Thema des Monats: Liebe deinen (nervigen) Nächsten

"Liebe deinen Nächsten."
Diese Aufforderung hast du sicherlich auch schon mal gehört. Bei manchen Leuten fällt uns das überhaupt nicht schwer: Freunde, Familie,... Aber was ist mit den Menschen mit denen wir scheinbar überhaupt nicht auf der selben Welle surfen? Menschen, an deren Eigenarten wir uns immer wieder stoßen? Eben die nervigen Nächsten. Wie soll man die denn lieben? Geht das eigentlich? Und warum?

René Böckle hat sich ein paar Gedanken dazu gemacht. Die meisten kennen ihn wahrscheinlich eher unter dem Namen DJ Faith. Wenn René nicht gerade mit guter Musik für Partystimmung sorgt, dann ist er auch als Jugendreferent und Diakon in Stuttgart unterwegs.


Was soll das denn jetzt schon wieder? So ein Arsch... man, wie doof kann man eigentlich sein?“.
Allzu oft erwische ich mich bei solchen Gedanken. Und ich vermute, viele können diese Gedanken aus eigenen Erlebnissen und Situationen nachvollziehen. Menschen, die uns manchmal tierisch nerven, deren Verhalten uns herausfordert und ärgert, hat wahrscheinlich jede und jeder in ihrem und seinem Umfeld. Verschiedene Meinungen, Unverständnis und Antworten, die mir nicht passen, können mich auf die Palme bringen. Genau dann ruhig und respektvoll zu bleiben, kotzt mich dann meistens an und fällt mir schwerer als ich zugeben will. Wie gern würde ich meinem Ärger Luft machen und dem Gegenüber alles an den Kopf werfen, was mich so tierisch aufregt. Hin und wieder entwischt mir beim Autofahren ein genervtes Hupen, wenn das Auto vor mir mal wieder an der Ampel pennt, oder in Besprechungen ein genervtes Augenrollen, wenn Dinge zum vierten und fünften Mal im Kreis gedreht werden. Von Liebe in der Luft und Nächstenliebe ist dann bei mir nicht viel zu spüren...
Aber genau das steht in der Bibel und hat Jesus uns für unser Leben mitgegeben: „Liebe deine Nächsten“.
An dieser Stelle möchte ich nicht sagen, dass ich absolut nach der Bibel lebe, aber ich möchte mir die darinstehenden Worte in ihrer Auslegung zu Herzen nehmen und Nächstenliebe steht für mich in meinem Leben sehr zentral. Und dann gibt es da die von mir beschriebenen Situationen, die so konträr zum Gebot der Nächstenliebe stehen und in denen mir diese so schwerfällt. Denn für mich gehören zur Nächstenliebe auch Verständnis, Nachsicht, Geduld und Toleranz.
Immer wieder, wenn ich anderen von meinen herausfordernden Situationen erzähle, höre ich den Satz „ihr müsst ja nicht gleich Freunde werden, aber seid nett zueinander“. Aber muss ich denn wirklich nett sein bei nervigen Kollegen, dem Raser auf der Straße oder dem Nachbarn, der immer Drama macht? Reicht es nicht einfach, ihn nicht anzuschreien?

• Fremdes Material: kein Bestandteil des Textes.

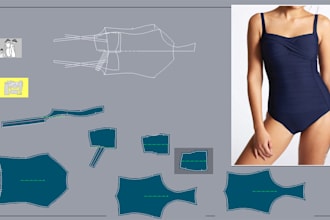 create sewing patterns, grading and pattern corrections for garments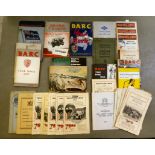 Automobile and racing ephemera: to include 'The Book of The Hillman Minx and Hunter'; and 'The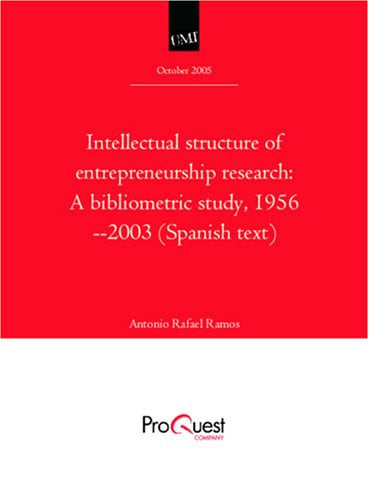 Estructura intelectual de la investigación en creación de empresas, de RAMOS RODRIGUEZ | portada del libro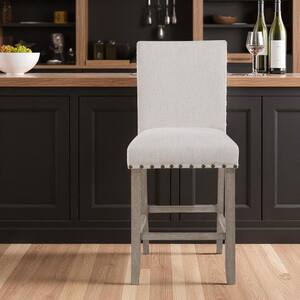 40.24 in. H Counter Height Solid and Manufactured Wood Bar Stool with Upholstered Seat (Set of 1)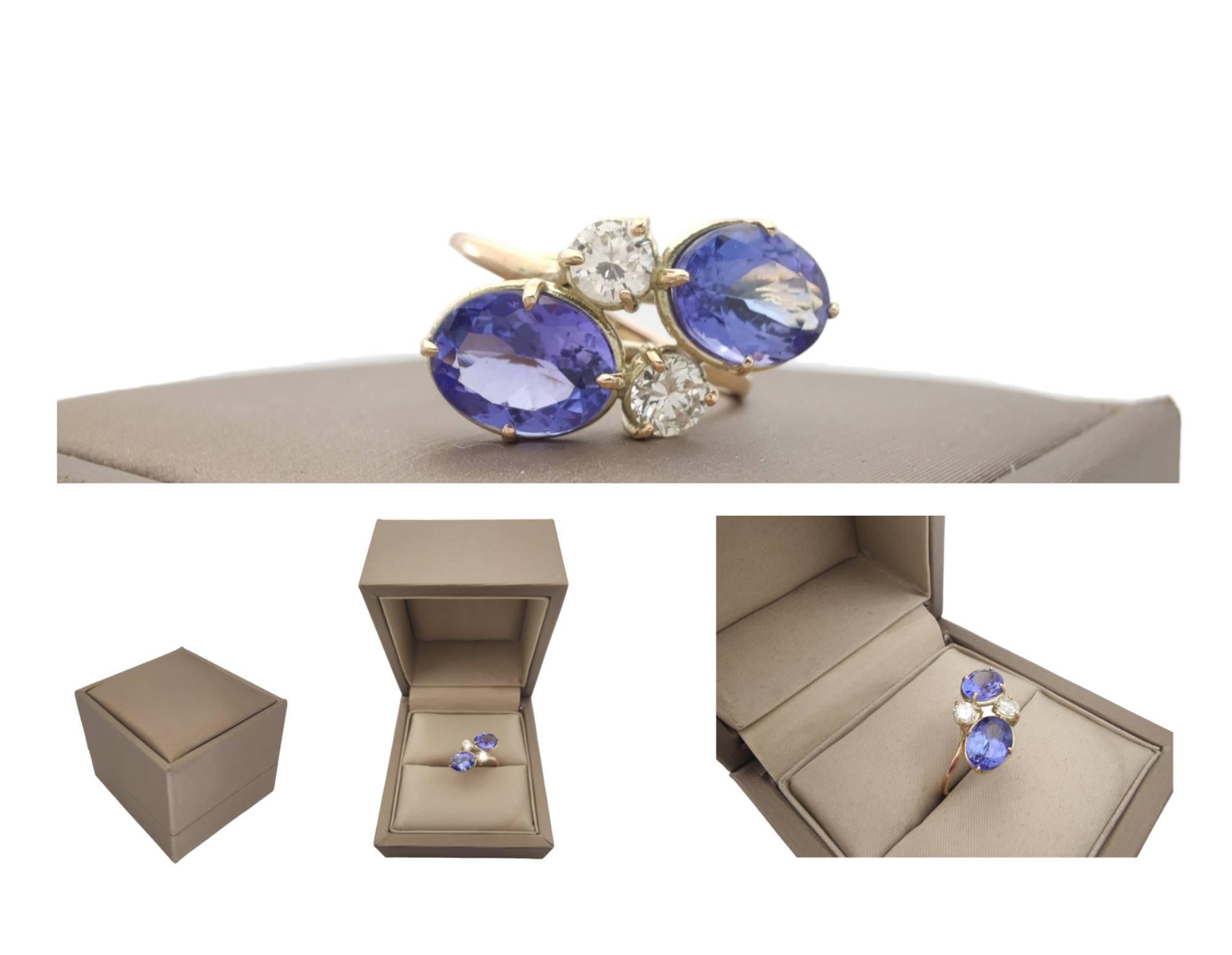 Flash Sale-14 karat Gold -Certified Tanzanite Ring with Diamonds For Sale 6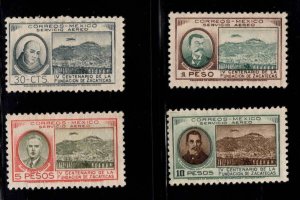 MEXICO Scott C163-C165 Mint airmail stamp set No Gum, nicely centered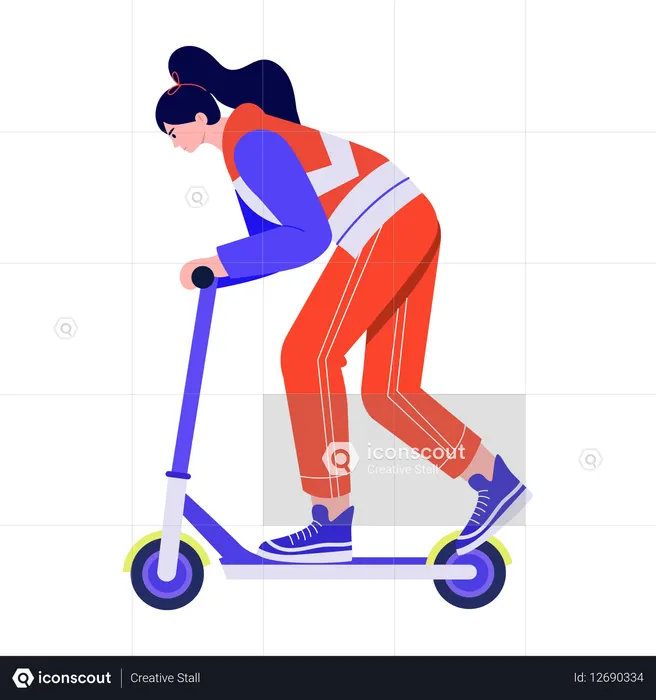 Niña montando scooter eléctrico  Ilustración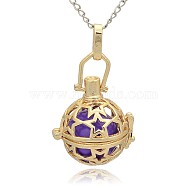 Golden Tone Brass Hollow Round Cage Pendants, with No Hole Spray Painted Brass Round Beads, Blue Violet, 35x25x21mm, Hole: 3x8mm(KK-J226-04G)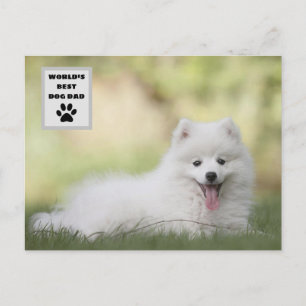 Personalized World's Best Dog Dad Custom Photo Holiday Postcard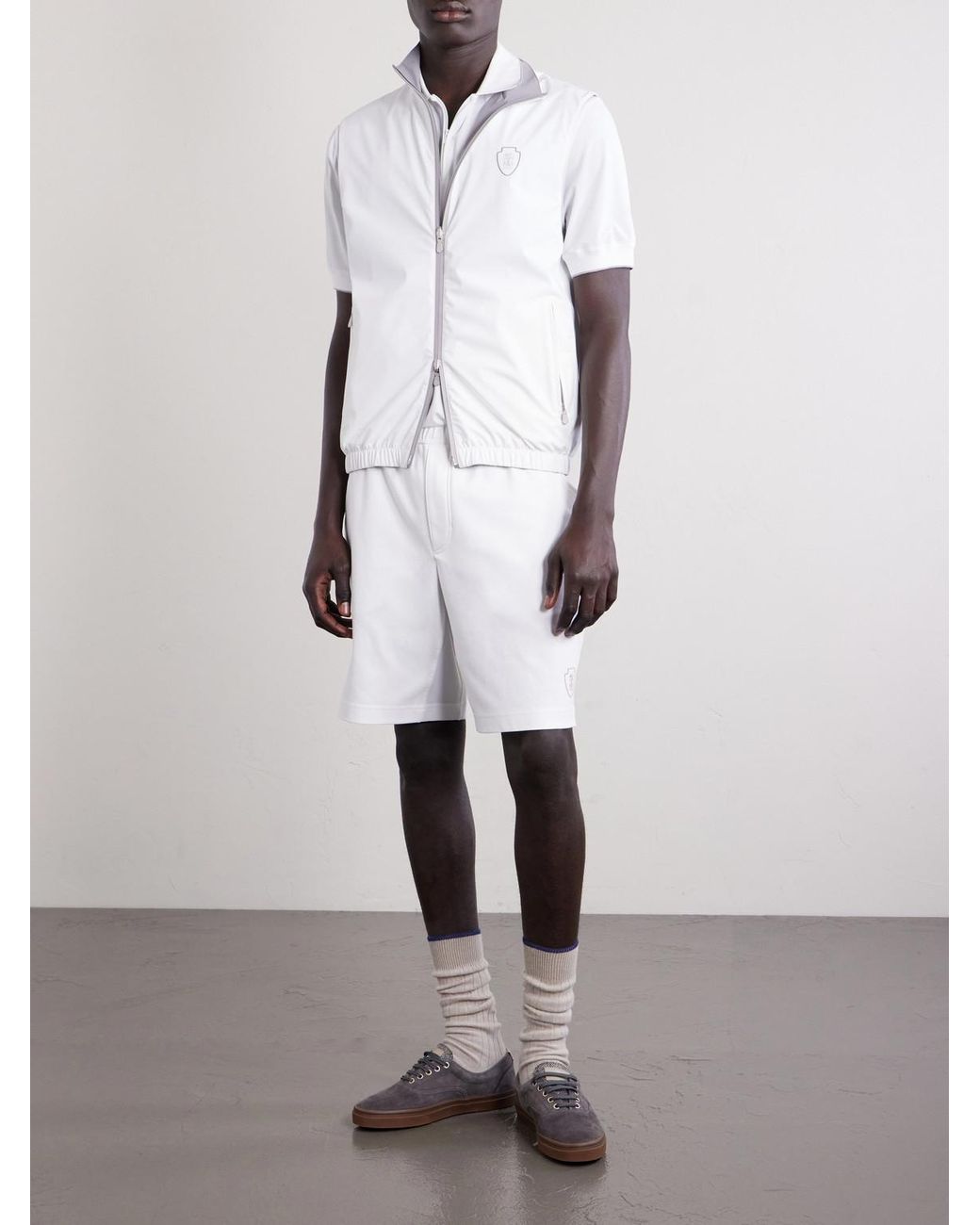 Brunello Cucinelli White Logo-Appliquéd Jersey Polo Shirt for men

Nein, ich glaube, unsere Welt braucht mehr als ein nett sein!
Es braucht Verständnis füreinander, auch wenn es mich selbst herausfordert und ja, auch überfordert.
Ich darf Stellung beziehen, meine Meinung, auch wenn sie eine andere ist, äußern und darf auch mal richtig genervt sein. Aber ich habe nicht das Recht, meinem Gegenüber den Wert als Mensch absprechen. Und das tue ich selbst und tun wir all zu oft und all zu schnell, in Gedanken, Worten und Taten. Auch in aktuellen Geschehnissen in unserer Gesellschaft und Politik erlebe ich immer wieder, dass einzelne Personen oder ganze Personengruppen aus eigener Emotionalität, im Affekt oder hin und wieder auch aus taktischen Gründen herabgewürdigt werden. Das geht für mich nicht und sollte für niemanden in unserer Gesellschaft gehen.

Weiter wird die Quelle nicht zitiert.